Es el ciudadano privado de su libertad Alfonso Antonio Portillo Cabrera que fue Presidente Constitucional de la República, apoyado fervientemente por un elevado porcentaje de las clases populares que entregaron con su voto las esperanzas de un pueblo engañado cada cuatro años y que reincide sin recato el día de las elecciones, a sabiendas que volverá a ser defraudado.
Seguramente el entonces presidente Alfonso Portillo, cuando los solícitos miembros de su escolta le abrían las puertas y los aprovechados burócratas de escalas palaciegas lo halagaban, no se imaginó que seis o siete años más tarde estaría confinado en un pequeño cuarto despojado de mullida cama y de aparatos electrónicos, sin una botella de licor para ahogar sus penas, ni el hombro de un amigo ni las caricias de su pequeña hija y menos la remota posibilidad inmediata de ver madrugar al sol en el horizonte de una tibia playa.

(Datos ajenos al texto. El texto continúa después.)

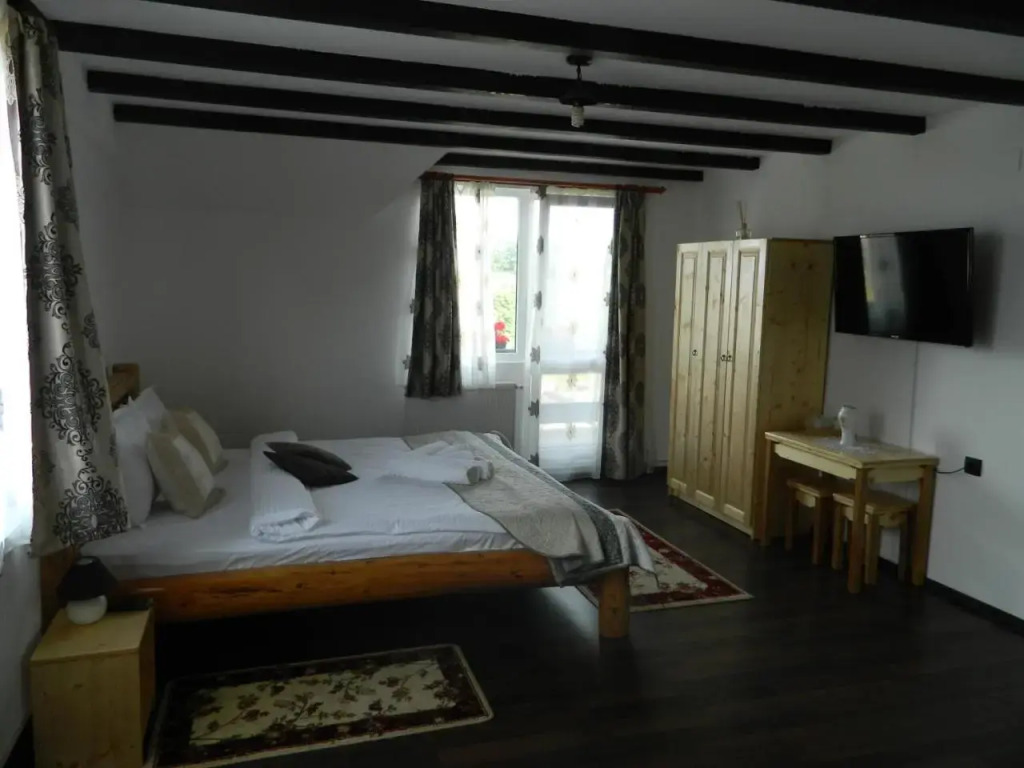 Casa Elder Villa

No sé si usted, paciente lector, sintió alivio al ver en la fotografía la silueta semioculta y el difuso rostro del político que recibió y brindó honores, y ahora es acusado de cometer delitos. Posiblemente algunos estarán satisfechos que el ex mandatario le rinda cuentas a la justicia, y otros se refocilen al verlo abandonado y solitario, aunque comparta el techo con otras personas sindicadas de haber participado en un crimen que puso en vilo la precaria institucionalidad de este pequeño país atrapado por la ambición, la codicia y la afrenta de políticos inescrupulosos, ansiosos de codearse con los verdaderos dueños de esta nación que se mece entre la opulencia y la miseria.

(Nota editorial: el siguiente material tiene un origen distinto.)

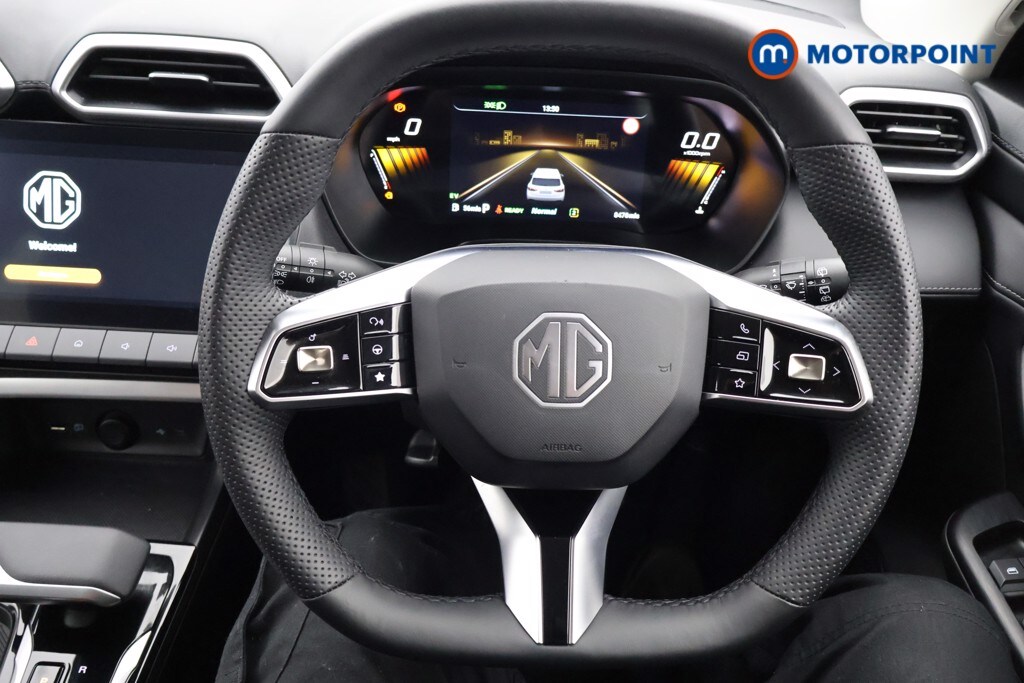 Used MG MG ZS for sale - 78150269: Photo 9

 Algunos más anhelan que su venganza se consuma y sonríen ante el taciturno gesto del ciudadano Alfonso Portillo. Yo no me cuento entre los primeros ni los últimos. Más bien siento una amarga tristeza que nubla mi vista, porque mis sentimientos se estremecen al observar que, sumido en sus recuerdos, un compatriota que fue Presidente de Guatemala se haya convertido en un número más de las estadísticas delincuenciales. ¡Cómo lo lamento!
Si por lo menos la fotografía sirviera de ejemplo a los actuales funcionarios de Estado.